> _Goal of the exercise_
In the listing below, find the line with "AIR FILTER FOR VOLKSWAGEN 33D-819-638" and the line with "ドラゴンボール超 SMSP ベジータ ゲンキダマツリVer. 新品未開封", then return them and every line between them exactly, minus the pictures.

> _Given data_
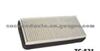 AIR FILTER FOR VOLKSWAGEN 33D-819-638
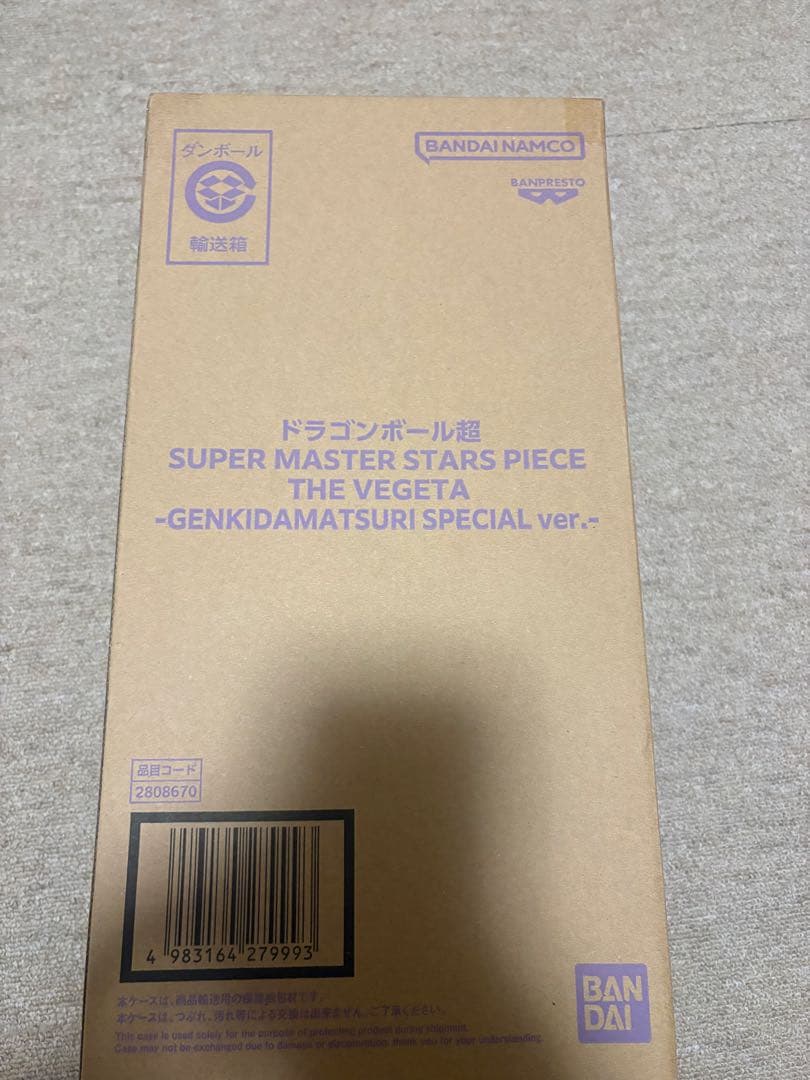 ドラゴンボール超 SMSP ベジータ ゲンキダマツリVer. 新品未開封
* * *
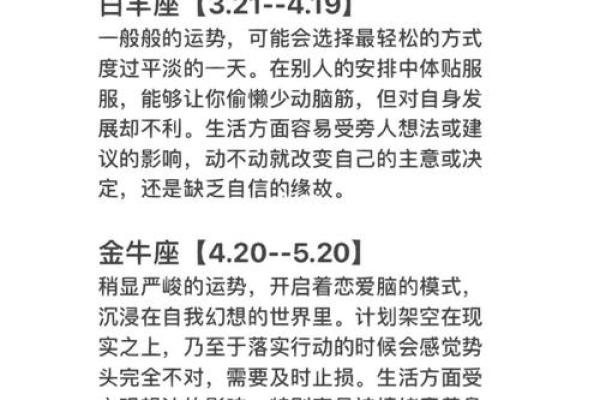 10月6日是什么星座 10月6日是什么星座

> _Result below_
 AIR FILTER FOR VOLKSWAGEN 33D-819-638
 ドラゴンボール超 SMSP ベジータ ゲンキダマツリVer. 新品未開封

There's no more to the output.